R: En conformité avec la Loi sur l’accès à l’information, la clause de confidentialité est applicable sur les ententes en raison de la sensibilité des informations stratégiques au sujet des projets dont il est question dans les ententes. 

Q: Pourquoi le montant ne dépasse-t-il jamais 75 000$?

R: La contribution de l’Administration portuaire de Québec est déterminée conformément à la planification budgétaire annuelle.

Q: Pourquoi les chercheurs ont-ils dû respecter cette enveloppe maximale?

R: L’APQ ne peut répondre à cette question.

L’UNIVERSITÉ LAVAL:

Q: Pourquoi l’Université Laval s’est-elle engagée à ne pas dire que le Port contribue aux quatre projets de recherche qui y sont mentionnés, ce qui va à l’encontre des règles habituelles de financement? Est-ce une pratique courante de l’Université?

R: L’Université Laval, par sa nature et par l’entremise de ses professeurs et professeures, gère des contrats de partenariats avec près de 1300 organisations tant privées que publiques, ce qui représente annuellement près de 30 % de la recherche qui s’y réalise. 

Dans un contexte de partenariat, la recherche se fait souvent sur des sujets stratégiques pour les partenaires ou avec des données leur appartenant, pour lesquelles la confidentialité est requise. Les résultats de la recherche, eux, peuvent être publiés en respectant les clauses de confidentialité prévues selon les ententes. Les clauses de confidentialité protègent ainsi les méthodes de recherche, qui constitue des propriétés intellectuelles, autant que les données utiles à la recherche qui appartiennent aux partenaires. Ces clauses de confidentialité sont élaborées conformément aux lois en vigueur dont les dispositions pertinentes de la Loi sur l’accès aux documents des organismes publics et sur la protection des renseignements personnels qui encadrent la protection de la propriété intellectuelle et qui prévoient la protection du secret industriel ou d’un renseignement industriel, financier, commercial, scientifique, technique ou syndical de nature confidentielle fourni par un tiers ou appartenant à l’Université, à un professeur ou à une professeure.

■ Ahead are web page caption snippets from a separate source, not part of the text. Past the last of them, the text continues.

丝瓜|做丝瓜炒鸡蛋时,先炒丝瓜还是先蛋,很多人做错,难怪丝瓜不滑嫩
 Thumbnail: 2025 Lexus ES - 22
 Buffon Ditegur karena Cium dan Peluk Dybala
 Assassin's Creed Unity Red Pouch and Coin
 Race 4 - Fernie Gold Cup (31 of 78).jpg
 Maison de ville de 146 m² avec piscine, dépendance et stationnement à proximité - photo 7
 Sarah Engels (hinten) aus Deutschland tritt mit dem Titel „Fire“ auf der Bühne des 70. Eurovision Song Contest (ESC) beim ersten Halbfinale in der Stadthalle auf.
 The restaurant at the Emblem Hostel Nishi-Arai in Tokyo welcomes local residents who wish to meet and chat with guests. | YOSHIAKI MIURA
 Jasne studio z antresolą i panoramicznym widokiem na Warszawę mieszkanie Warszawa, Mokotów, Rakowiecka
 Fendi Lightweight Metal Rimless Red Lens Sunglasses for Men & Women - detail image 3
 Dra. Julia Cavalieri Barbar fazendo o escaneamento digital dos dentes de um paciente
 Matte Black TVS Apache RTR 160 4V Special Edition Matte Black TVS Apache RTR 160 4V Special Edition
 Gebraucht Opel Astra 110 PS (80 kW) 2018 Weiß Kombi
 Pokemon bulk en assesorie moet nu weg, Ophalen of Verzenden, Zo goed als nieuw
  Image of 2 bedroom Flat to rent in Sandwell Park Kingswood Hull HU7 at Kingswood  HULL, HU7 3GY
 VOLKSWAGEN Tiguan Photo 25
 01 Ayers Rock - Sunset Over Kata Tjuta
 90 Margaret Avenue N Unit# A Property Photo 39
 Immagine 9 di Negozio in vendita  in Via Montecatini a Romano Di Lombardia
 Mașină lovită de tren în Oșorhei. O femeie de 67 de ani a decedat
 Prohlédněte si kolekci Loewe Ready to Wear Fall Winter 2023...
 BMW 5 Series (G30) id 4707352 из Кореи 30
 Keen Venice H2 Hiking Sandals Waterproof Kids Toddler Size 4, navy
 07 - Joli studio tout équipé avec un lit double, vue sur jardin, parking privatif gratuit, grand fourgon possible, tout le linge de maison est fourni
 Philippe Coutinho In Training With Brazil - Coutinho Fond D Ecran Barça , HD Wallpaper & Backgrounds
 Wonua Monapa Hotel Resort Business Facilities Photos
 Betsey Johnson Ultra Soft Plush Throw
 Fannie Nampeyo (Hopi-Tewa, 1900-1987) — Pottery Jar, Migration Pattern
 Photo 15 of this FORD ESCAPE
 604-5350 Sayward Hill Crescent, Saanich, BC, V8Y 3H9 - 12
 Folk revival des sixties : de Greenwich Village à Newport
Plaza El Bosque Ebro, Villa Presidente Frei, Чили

Notons que les projets de recherche réalisés à l’Université Laval le sont (obligatoirement ou nécessairement) dans le respect des conventions collectives en vigueur de même que des règlements et des politiques universitaires applicables. Celles-ci visent, entre autres, à préserver l’autonomie et la liberté des professeures et professeurs pour leur permettre de conclure des ententes avec des partenaires pertinents à l’avancée de leurs travaux.